With the current suspension of the ATP and WTA Tours, USOpen.org is reliving some of the biggest tennis matches in the tournament's history in photos. In our latest featured match, we look back at the 2011 US Open women's final between Sam Stosur and Serena Williams. Watch the full match on the US Open YouTube channel.
In one of the biggest upsets in Grand Slam history, No. 9 seed Sam Stosur shocked 13-time major winner and three-time US Open champion Serena Williams in straight sets to capture the first Slam title of her career at the 2011 US Open.
On the 10-year anniversary of 9/11, the Australian underdog played the match of her life, taking control with powerful strokes from the baseline and a heavy kick serve to stun the overwhelming American favorite, 6-2, 6-3.
With the win, Stosur became the first Australian woman to win a Grand Slam championship since Evonne Goolagong Cawley won Wimbledon in 1980, and the first Australian woman since Margaret Court to win at the US Open since 1973.
Here's a look back, in photos, at this surprising final.
Stosur was playing in only her second Grand Slam final, with her first coming the previous year at the 2010 French Open. Prior to the 2011 tournament, the Aussie held a 2-9 record in tournament finals, winning titles in Osaka, Japan, in 2009 and Charleston, S.C., in 2010. Her previous best singles performance at the Open was a quarterfinal result in 2010, but she did have past doubles success in New York, taking home the women's doubles trophy in 2005, with Lisa Raymond.
The then-29-year-old Williams, seeded No. 28, was playing in only her sixth tournament of the year at the 2011 Open. Since Wimbledon in 2010, she had two foot operations and was hospitalized for a pulmonary embolism, missing nearly a year of action, before returning at 2011 Wimbledon, where, ranked 175th in the world, she reached the fourth round.

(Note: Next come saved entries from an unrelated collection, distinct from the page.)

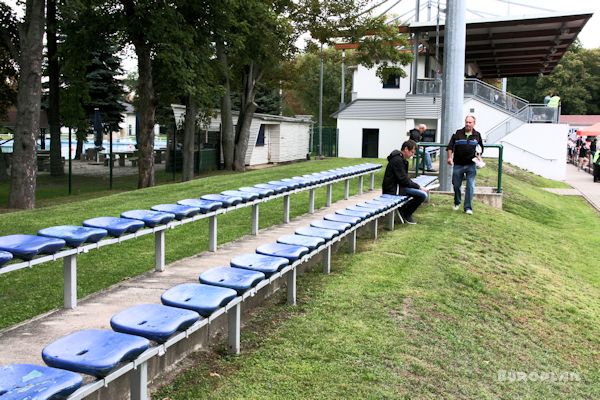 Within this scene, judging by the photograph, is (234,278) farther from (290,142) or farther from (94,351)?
(290,142)

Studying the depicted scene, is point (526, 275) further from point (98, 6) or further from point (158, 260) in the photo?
point (98, 6)

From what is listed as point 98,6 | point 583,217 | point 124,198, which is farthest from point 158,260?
point 98,6

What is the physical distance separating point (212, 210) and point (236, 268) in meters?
2.38

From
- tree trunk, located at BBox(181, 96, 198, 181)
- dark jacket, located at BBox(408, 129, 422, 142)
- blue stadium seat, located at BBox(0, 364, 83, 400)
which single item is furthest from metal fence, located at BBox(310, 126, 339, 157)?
blue stadium seat, located at BBox(0, 364, 83, 400)

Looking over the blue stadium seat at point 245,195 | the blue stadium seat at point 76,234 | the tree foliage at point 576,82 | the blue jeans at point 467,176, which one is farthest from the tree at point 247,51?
the tree foliage at point 576,82

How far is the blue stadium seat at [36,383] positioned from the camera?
101 inches

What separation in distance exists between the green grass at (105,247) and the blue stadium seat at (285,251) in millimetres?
1728

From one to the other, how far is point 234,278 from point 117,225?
4.94 feet

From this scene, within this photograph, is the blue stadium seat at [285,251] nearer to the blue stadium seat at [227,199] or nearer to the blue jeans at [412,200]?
the blue stadium seat at [227,199]

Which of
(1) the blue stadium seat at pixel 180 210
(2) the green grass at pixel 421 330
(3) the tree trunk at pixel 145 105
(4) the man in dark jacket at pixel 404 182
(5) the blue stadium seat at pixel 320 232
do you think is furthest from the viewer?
(3) the tree trunk at pixel 145 105

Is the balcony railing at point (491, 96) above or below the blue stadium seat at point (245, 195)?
above

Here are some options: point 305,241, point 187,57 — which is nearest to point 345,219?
point 305,241

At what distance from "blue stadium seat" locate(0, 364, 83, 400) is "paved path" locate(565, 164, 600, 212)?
19.1 meters

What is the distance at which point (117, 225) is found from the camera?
5.49m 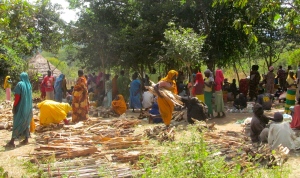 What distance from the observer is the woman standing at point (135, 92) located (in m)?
14.3

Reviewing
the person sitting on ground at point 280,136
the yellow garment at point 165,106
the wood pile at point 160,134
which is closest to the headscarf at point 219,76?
the yellow garment at point 165,106

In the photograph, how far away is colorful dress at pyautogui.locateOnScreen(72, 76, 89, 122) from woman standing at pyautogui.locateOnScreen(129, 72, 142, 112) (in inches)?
122

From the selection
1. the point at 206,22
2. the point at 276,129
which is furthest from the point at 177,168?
the point at 206,22

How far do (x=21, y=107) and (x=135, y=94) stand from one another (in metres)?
6.46

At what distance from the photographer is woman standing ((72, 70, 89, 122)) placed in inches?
445

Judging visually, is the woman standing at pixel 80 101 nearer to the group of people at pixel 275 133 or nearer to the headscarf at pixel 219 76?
the headscarf at pixel 219 76

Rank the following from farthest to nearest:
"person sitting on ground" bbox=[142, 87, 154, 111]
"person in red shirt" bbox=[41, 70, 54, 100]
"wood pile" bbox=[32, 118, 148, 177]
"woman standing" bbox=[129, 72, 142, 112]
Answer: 1. "person in red shirt" bbox=[41, 70, 54, 100]
2. "woman standing" bbox=[129, 72, 142, 112]
3. "person sitting on ground" bbox=[142, 87, 154, 111]
4. "wood pile" bbox=[32, 118, 148, 177]

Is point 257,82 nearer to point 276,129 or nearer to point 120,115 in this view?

Stosur's path to the final included a three-hour, 16-minute, third-round win over Nadia Petrova, which at the time was the longest US Open women's singles match since tiebreaks were introduced in 1970, and a fourth-round victory over Maria Kirilenko, which featured the longest tiebreak in a women's singles match (17-15) in US Open history. She next ousted No. 2 seed Vera Zvonareva, 6-3, 6-3, in the quarterfinals and posted a three-set, semifinal victory over Angelique Kerber, before taking on Williams for the title.
Serena did not drop a set in her first six matches of the tournament, and beat four seeded players—No. 4 Victoria Azarenka, No. 16 Ana Ivanovic, No. 17 Anastasia Pavlyuchenkova and No. 1 Caroline Wozniacki—en route to the final.
Serena put only 35 percent of her first serves in play during the opening set and lost 12 straight points to give Stosur a one-set-to-love lead in the match. It was the first set Williams had lost in the tournament.
After Stosur took the 31-minute opening set, Williams began to lose her composure, but Stosur remained unshaken. On her third championship point, the Brisbane native crushed a cross-court forehand to capture her first major singles title in one hour, 13 minutes.
At age 27, Stosur, who celebrated the win with her team in her players' box, became the oldest US Open champion since a 30-year-old Martina Navratilova won the title in 1987. She finished the match with 12 unforced errors, compared to 25 for Williams.
The five games Williams won in the match equaled her lowest total in 240 career Grand Slam matches. "She played really, really well," she said of Stosur. "It's good to see I tried my hardest, but she kept hitting winners."
"I'm still kind of speechless. I can't actually believe I won this tournament," said Stosur, who joined Margaret Court, Wendy Turnbull, Evonne Goolagong Cawley and Kerry Melville Reid as the only five Australian women to play in a US Open singles final in the Open era. "I guess to go out there and play the way I did is obviously just an unbelievable feeling, and you always hope and you want to be able to do that, but to actually do it, is unbelievable."